▸ Given information

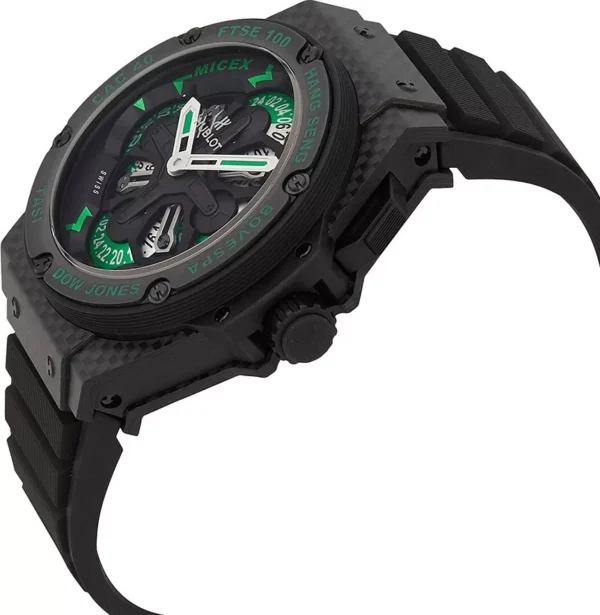 Hublot King Power 771.QX.1179.RX.CSH13 GMT 48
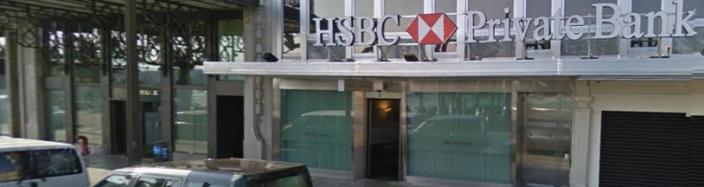 HSBC Private Bank Switzerland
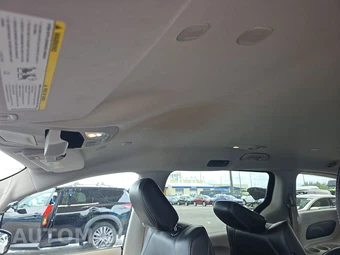 2024 Chrysler Pacifica Hybrid Select 121.6" WB - miniatura 19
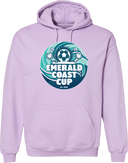 Hoodies - Emerald Coast Cup 2026 (Main Logo)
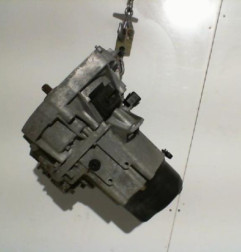 Boite de vitesses RENAULT TWINGO 1 Photo n°3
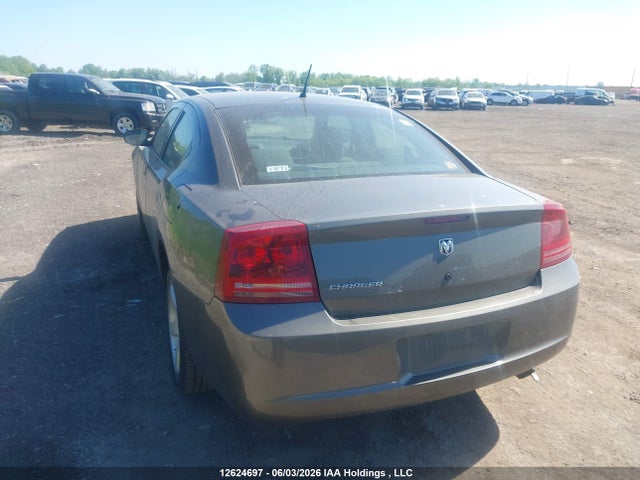 Aukcja sprzedaży 2008 Dodge Charger, vin: 2B3KA43G98H296165, numer aukcji: 12624697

▸ Instructions for the task
Return the lines from the one that contains "Hoodies - Emerald Coast Cup 2026 (Main Logo)" through the final line of the listing above, inclusive. Transcribe them exactly and drop the pictures.

▸ Response box
 Hoodies - Emerald Coast Cup 2026 (Main Logo)
 Boite de vitesses RENAULT TWINGO 1 Photo n°3
 Aukcja sprzedaży 2008 Dodge Charger, vin: 2B3KA43G98H296165, numer aukcji: 12624697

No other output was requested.